What is Split-Brain?
As mentioned in the Official Documentation on Managing Split-Brain provided by RedHat, split-brain is a state when a data or availability inconsistencies originating from the maintenance of two separate data sets with overlap in scope, either because of servers in a network design, or a failure condition based on servers not communicating and synchronizing their data to each other. And it is a term applicable to replicate configuration.
Pay attention that it is said "a failure condition based on servers not communicating and synchronizing their data to each other" - due to any likelihood - but it doesn't mean that your nodes might lose the connection. The Peer may be yet in cluster and connected.
Split-Brain Types :
We have three different types of split-brain, and as far as I can see yours is entry split-brain. To explain three types of split-brain :
Data split-brain : Contents of the file under split-brain are different in different replica pairs and automatic healing is not possible.
Metadata split-brain :, The metadata of the files (example, user defined extended attribute) are different and automatic healing is not possible.
Entry split-brain : It happens when a file have different gfids on each of the replica pair.
What is GFID ?
GlusterFS internal file identifier (GFID) is a uuid that is unique to each file across the entire cluster. This is analogous to inode number in a normal filesystem. The GFID of a file is stored in its xattr named trusted.gfid
. To find the path from GFID, I highly recommend you read this official article provided by GlusterFS.
How to resolve entry split-brain?
There are multiple methods to prevent split-brain from occurring but to resolve it, the corresponding gfid-link files must be removed. The gfid-link files are present in the .glusterfs directory in the top-level directory of the brick. By the way, beware that before deleting the gfid-links, you must ensure that there are no hard links to the files present on that brick. If hard-links exist, you must delete them either.

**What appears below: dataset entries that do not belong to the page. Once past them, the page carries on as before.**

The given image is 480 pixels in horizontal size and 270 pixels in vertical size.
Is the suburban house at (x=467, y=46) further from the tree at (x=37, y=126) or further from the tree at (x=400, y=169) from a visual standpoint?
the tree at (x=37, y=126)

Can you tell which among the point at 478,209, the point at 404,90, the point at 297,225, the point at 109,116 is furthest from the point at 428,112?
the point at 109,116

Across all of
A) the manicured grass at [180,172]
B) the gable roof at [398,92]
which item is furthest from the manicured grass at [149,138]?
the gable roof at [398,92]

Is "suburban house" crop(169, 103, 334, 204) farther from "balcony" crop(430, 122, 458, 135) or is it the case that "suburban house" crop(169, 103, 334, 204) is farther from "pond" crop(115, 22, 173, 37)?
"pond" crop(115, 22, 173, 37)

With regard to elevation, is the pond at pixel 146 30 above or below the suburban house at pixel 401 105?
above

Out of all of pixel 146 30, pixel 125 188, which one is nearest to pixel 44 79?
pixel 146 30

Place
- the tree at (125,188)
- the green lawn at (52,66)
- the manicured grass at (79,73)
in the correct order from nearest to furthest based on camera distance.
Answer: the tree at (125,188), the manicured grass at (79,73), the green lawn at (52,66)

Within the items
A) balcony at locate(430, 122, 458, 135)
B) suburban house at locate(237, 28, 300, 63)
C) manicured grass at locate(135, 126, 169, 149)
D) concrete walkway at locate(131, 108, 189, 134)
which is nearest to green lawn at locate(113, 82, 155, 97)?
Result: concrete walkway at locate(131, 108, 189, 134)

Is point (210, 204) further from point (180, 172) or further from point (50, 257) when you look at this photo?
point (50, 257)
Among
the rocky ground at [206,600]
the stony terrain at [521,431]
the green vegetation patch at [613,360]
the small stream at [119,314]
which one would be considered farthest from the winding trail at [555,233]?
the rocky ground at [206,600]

Then you can use self-healing process by running the following commands.
In the meantime, to view the list of files on a volume that are in a split-brain state you can use:
# gluster volume heal VOLNAME info split-brain
You should also beware that for replicated volumes, when a brick goes offline and comes back online, self-healing is required to resync all the replicas.

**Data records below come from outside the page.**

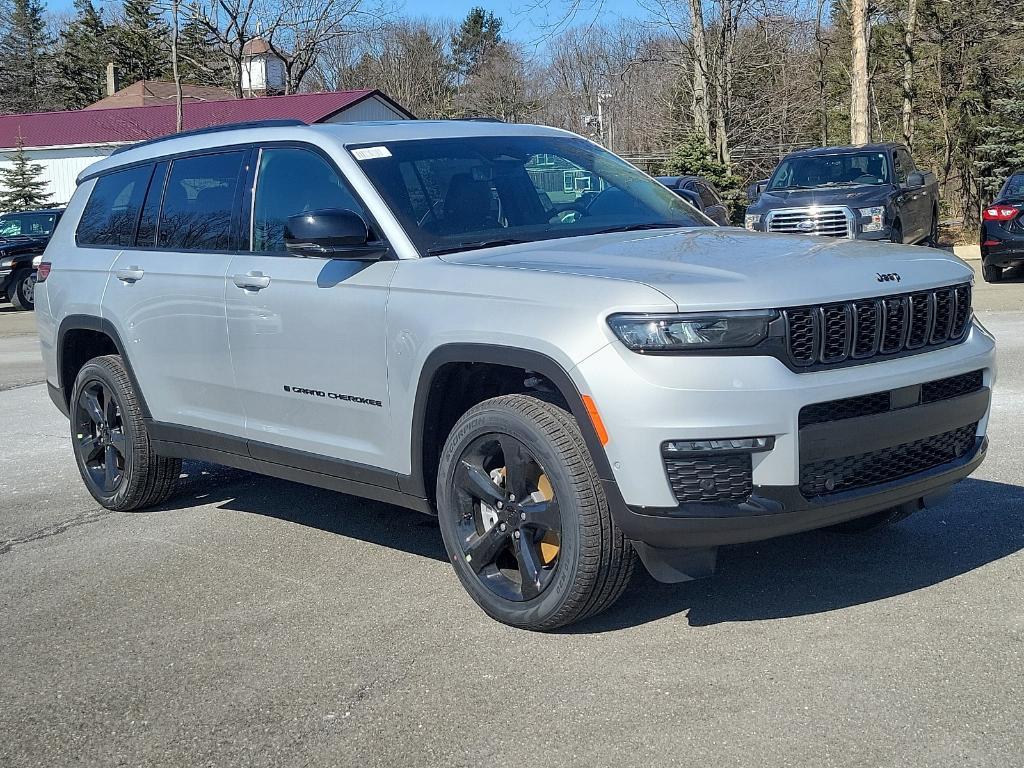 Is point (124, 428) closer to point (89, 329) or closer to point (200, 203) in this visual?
point (89, 329)

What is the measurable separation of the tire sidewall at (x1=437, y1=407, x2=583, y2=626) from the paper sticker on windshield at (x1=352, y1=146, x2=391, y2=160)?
1.36 meters

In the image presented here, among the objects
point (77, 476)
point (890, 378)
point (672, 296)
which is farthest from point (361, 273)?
point (77, 476)

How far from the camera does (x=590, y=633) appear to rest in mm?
4383

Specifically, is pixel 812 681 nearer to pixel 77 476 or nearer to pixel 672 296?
pixel 672 296

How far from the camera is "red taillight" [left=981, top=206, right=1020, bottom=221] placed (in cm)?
1656

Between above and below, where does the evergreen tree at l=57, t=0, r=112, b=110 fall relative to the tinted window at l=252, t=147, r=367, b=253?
above

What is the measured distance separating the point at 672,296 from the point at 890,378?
840mm

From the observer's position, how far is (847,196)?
17.8m

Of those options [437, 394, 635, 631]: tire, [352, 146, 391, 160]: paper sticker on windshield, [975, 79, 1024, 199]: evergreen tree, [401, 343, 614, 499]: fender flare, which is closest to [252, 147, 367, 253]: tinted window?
[352, 146, 391, 160]: paper sticker on windshield

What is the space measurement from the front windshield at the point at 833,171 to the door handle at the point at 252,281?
14.6 meters

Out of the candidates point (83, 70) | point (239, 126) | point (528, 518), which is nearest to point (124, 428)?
point (239, 126)

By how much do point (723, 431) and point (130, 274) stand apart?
3.55m

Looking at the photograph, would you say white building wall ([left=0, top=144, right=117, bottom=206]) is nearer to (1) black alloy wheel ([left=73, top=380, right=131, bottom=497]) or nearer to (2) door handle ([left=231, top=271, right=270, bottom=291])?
(1) black alloy wheel ([left=73, top=380, right=131, bottom=497])

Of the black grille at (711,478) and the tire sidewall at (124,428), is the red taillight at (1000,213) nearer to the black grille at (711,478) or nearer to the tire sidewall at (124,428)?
the tire sidewall at (124,428) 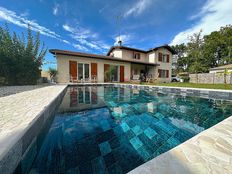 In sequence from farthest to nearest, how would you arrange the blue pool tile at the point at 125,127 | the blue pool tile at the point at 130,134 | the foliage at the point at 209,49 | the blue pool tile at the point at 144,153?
1. the foliage at the point at 209,49
2. the blue pool tile at the point at 125,127
3. the blue pool tile at the point at 130,134
4. the blue pool tile at the point at 144,153

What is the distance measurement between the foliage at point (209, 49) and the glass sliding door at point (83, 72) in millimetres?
20533

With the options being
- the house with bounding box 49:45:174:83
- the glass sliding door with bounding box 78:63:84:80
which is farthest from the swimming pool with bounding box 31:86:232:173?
the glass sliding door with bounding box 78:63:84:80

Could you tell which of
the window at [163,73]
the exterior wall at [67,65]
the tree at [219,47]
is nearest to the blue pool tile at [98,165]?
the exterior wall at [67,65]

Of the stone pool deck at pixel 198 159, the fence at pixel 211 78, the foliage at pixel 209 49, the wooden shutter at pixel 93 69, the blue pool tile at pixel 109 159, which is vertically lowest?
the blue pool tile at pixel 109 159

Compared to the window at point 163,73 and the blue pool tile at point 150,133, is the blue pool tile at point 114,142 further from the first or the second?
the window at point 163,73

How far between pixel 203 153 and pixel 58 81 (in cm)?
1203

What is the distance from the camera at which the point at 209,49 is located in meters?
24.8

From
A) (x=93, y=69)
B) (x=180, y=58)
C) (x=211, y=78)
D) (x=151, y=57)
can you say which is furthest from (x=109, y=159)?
(x=180, y=58)

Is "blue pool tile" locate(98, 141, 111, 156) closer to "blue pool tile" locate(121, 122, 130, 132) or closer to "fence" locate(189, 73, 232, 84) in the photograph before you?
"blue pool tile" locate(121, 122, 130, 132)

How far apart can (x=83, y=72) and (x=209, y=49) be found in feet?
89.4

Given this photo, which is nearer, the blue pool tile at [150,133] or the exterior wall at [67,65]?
the blue pool tile at [150,133]

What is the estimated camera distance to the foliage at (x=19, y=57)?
8227 millimetres

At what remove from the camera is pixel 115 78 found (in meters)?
14.6

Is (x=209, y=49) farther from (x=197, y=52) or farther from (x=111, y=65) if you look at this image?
(x=111, y=65) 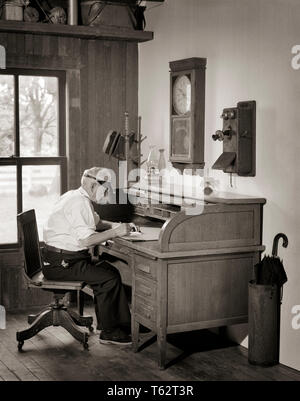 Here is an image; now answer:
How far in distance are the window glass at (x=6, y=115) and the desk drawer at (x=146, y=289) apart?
6.80 feet

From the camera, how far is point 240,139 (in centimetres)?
488

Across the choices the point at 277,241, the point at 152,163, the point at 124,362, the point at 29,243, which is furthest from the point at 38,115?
the point at 277,241

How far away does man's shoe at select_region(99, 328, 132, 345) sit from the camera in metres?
5.14

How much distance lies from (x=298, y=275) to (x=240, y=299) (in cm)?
54

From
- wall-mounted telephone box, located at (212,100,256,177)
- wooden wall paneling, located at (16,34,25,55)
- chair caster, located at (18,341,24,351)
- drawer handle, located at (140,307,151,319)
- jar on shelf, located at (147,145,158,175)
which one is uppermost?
wooden wall paneling, located at (16,34,25,55)

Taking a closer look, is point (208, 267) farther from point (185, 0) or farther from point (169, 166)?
point (185, 0)

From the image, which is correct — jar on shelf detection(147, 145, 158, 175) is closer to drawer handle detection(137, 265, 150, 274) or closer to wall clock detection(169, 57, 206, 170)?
wall clock detection(169, 57, 206, 170)

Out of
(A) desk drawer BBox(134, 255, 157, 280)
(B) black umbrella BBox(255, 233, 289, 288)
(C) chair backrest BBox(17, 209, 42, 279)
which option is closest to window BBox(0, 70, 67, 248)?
(C) chair backrest BBox(17, 209, 42, 279)

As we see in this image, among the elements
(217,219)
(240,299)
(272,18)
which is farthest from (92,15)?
(240,299)

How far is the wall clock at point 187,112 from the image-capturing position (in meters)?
5.46

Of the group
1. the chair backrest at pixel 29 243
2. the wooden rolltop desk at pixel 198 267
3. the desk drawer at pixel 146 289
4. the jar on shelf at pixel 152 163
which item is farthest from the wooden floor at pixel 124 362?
the jar on shelf at pixel 152 163

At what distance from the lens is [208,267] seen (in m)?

To check the healing status of volumes and files you can use:
# gluster volume heal VOLNAME info
Since you are using version 3.5, you don't have auto healing. So after doing the steps mentioned earlier, You need to trigger self-healing. To do so:
Only on the files which require healing:
# gluster volume heal VOLNAME
On all the files:
# gluster volume heal VOLNAME full
I hope this will help you through fixing your problem. Please read the official docs for further information. Cheers.